» Task objective: What is needed is an exact copy of every entry below, minus the images.
+++ Records to use +++
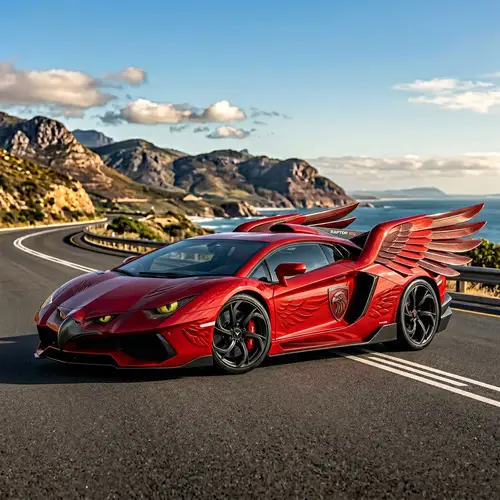 Hawk-Inspired Ferrari-Look Alike Sports Car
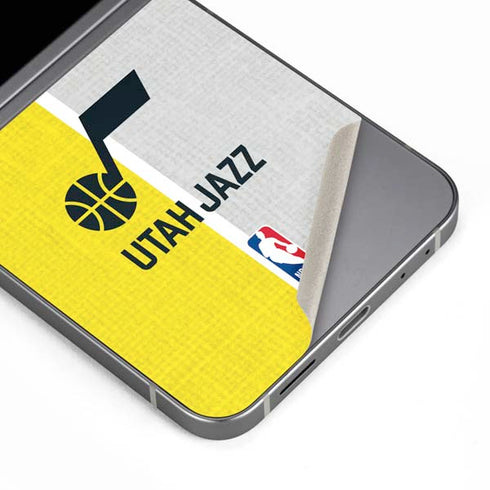 NBA Utah Jazz Split Canvas Galaxy Z Flip6 Skin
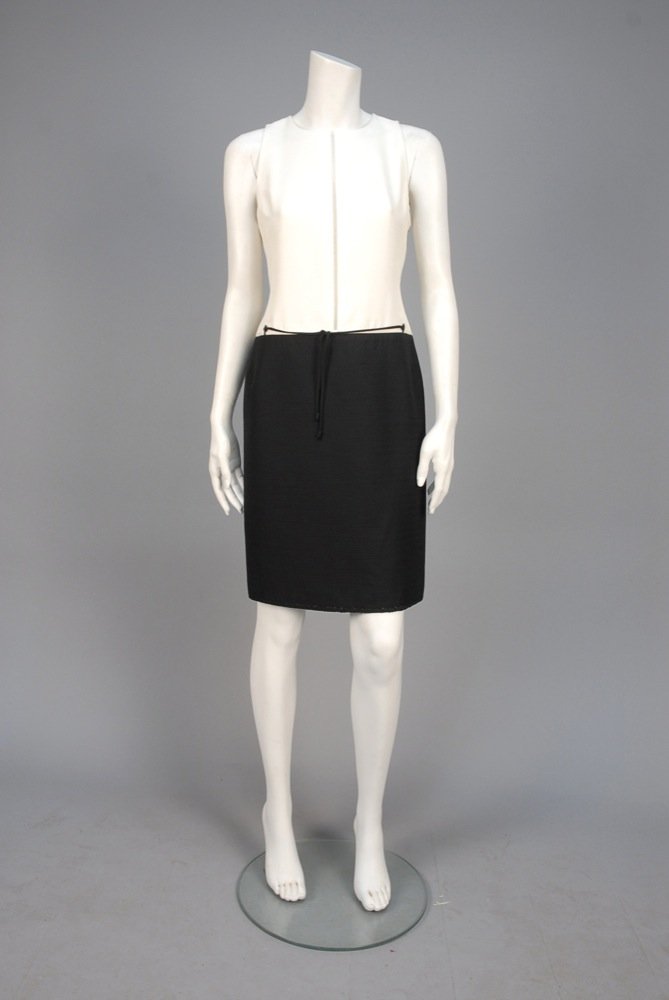 CHADO RALPH RUCCI SILK DAY DRESS. Sleeveless white (1 of 4)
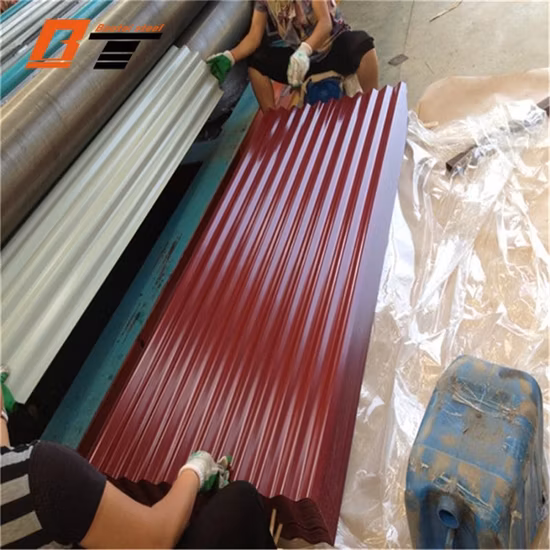 Hoja para techos Teja de acero de metal recubierto de piedra de larga duración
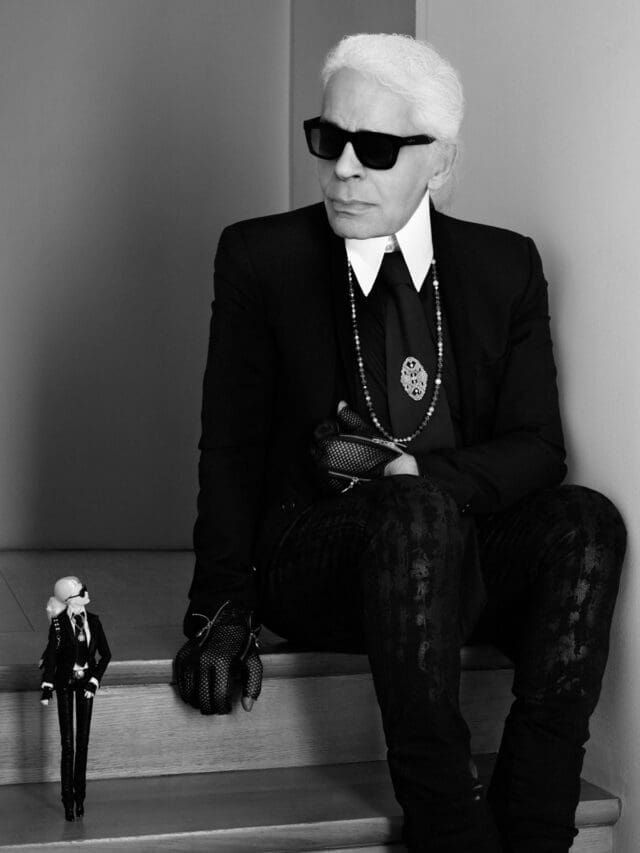karl lagerfeld with barbie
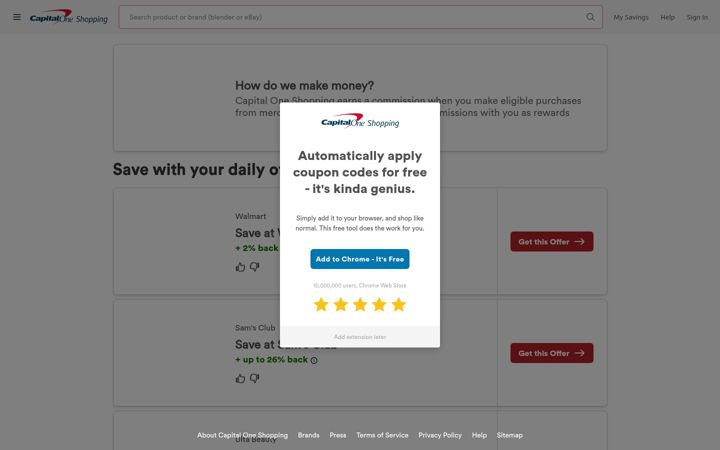 Zrzut ekranu capitaloneshopping.com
+++
» Expected output:
 Hawk-Inspired Ferrari-Look Alike Sports Car
 NBA Utah Jazz Split Canvas Galaxy Z Flip6 Skin
 CHADO RALPH RUCCI SILK DAY DRESS. Sleeveless white (1 of 4)
 Hoja para techos Teja de acero de metal recubierto de piedra de larga duración
karl lagerfeld with barbie
 Zrzut ekranu capitaloneshopping.com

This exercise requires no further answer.